Records excerpted from a collection:
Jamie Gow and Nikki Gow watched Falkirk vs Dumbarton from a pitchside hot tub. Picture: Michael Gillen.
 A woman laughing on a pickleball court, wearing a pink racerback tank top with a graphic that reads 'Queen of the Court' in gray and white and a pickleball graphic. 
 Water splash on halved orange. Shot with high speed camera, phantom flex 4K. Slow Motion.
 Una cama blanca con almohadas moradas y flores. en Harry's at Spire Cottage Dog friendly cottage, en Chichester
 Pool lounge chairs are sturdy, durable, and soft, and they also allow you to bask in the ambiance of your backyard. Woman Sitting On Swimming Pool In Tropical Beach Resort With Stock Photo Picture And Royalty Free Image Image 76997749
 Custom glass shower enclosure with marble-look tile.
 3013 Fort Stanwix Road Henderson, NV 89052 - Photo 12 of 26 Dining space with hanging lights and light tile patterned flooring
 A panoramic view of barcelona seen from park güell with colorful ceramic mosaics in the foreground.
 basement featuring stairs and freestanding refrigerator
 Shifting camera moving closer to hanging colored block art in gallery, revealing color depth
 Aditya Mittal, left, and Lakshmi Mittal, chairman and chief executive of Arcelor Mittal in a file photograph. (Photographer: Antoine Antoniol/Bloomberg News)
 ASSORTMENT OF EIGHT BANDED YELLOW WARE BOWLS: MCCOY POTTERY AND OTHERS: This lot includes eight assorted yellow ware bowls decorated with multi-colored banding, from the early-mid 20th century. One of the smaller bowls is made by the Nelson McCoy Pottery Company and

• _PROBLEM STATEMENT_:
Please write out the records above once more, exactly and completely.

• _WRITTEN SOLUTION_:
Jamie Gow and Nikki Gow watched Falkirk vs Dumbarton from a pitchside hot tub. Picture: Michael Gillen.
 A woman laughing on a pickleball court, wearing a pink racerback tank top with a graphic that reads 'Queen of the Court' in gray and white and a pickleball graphic. 
 Water splash on halved orange. Shot with high speed camera, phantom flex 4K. Slow Motion.
 Una cama blanca con almohadas moradas y flores. en Harry's at Spire Cottage Dog friendly cottage, en Chichester
 Pool lounge chairs are sturdy, durable, and soft, and they also allow you to bask in the ambiance of your backyard. Woman Sitting On Swimming Pool In Tropical Beach Resort With Stock Photo Picture And Royalty Free Image Image 76997749
 Custom glass shower enclosure with marble-look tile.
 3013 Fort Stanwix Road Henderson, NV 89052 - Photo 12 of 26 Dining space with hanging lights and light tile patterned flooring
 A panoramic view of barcelona seen from park güell with colorful ceramic mosaics in the foreground.
 basement featuring stairs and freestanding refrigerator
 Shifting camera moving closer to hanging colored block art in gallery, revealing color depth
 Aditya Mittal, left, and Lakshmi Mittal, chairman and chief executive of Arcelor Mittal in a file photograph. (Photographer: Antoine Antoniol/Bloomberg News)
 ASSORTMENT OF EIGHT BANDED YELLOW WARE BOWLS: MCCOY POTTERY AND OTHERS: This lot includes eight assorted yellow ware bowls decorated with multi-colored banding, from the early-mid 20th century. One of the smaller bowls is made by the Nelson McCoy Pottery Company and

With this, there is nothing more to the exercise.